Work order: Report how many lines of the listing include the word "Google"; nothing else should be written.

Task input:
--

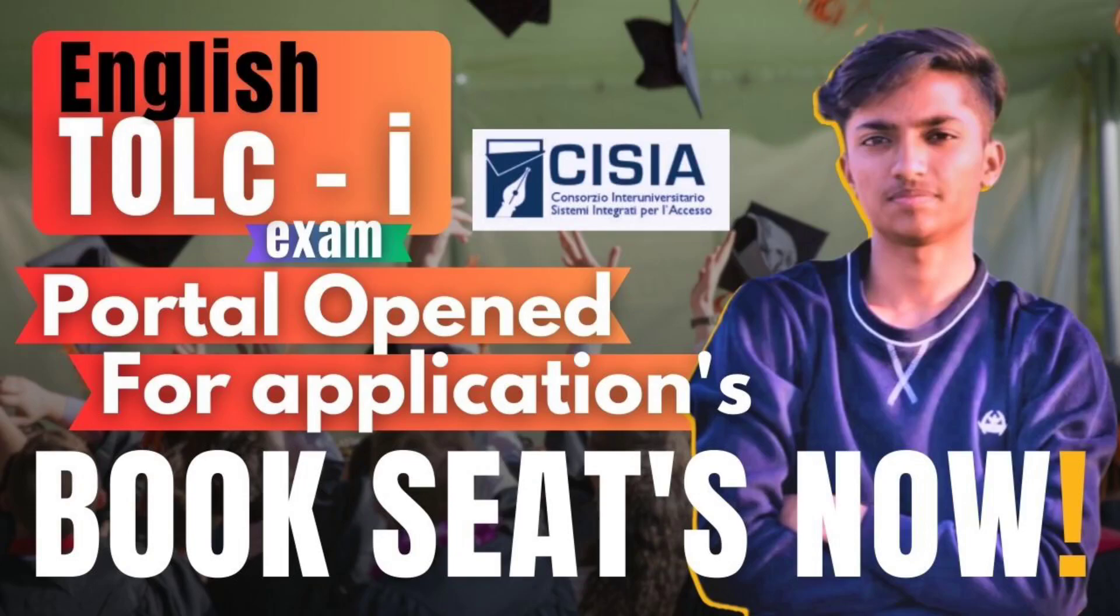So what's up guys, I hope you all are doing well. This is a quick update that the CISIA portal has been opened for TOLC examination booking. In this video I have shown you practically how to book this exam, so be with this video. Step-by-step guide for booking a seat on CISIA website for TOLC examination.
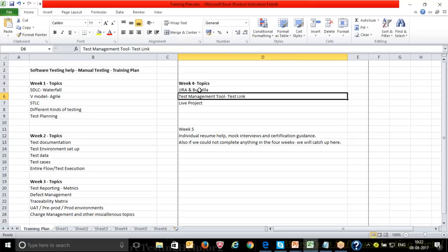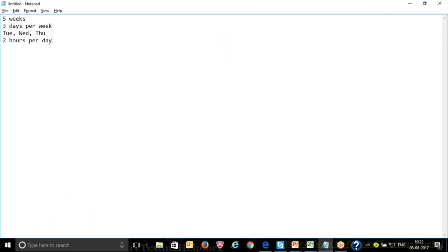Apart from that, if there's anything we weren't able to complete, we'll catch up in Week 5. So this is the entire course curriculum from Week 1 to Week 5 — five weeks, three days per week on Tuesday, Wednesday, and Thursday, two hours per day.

--

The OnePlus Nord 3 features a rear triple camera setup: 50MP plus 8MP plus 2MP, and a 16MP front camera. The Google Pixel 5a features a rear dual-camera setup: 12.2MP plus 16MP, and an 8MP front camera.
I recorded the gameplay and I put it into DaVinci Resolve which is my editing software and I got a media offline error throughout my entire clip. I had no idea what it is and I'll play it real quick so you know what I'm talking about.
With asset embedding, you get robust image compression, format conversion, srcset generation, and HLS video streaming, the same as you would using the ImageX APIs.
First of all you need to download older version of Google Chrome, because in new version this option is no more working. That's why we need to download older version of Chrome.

--

Your solution: 2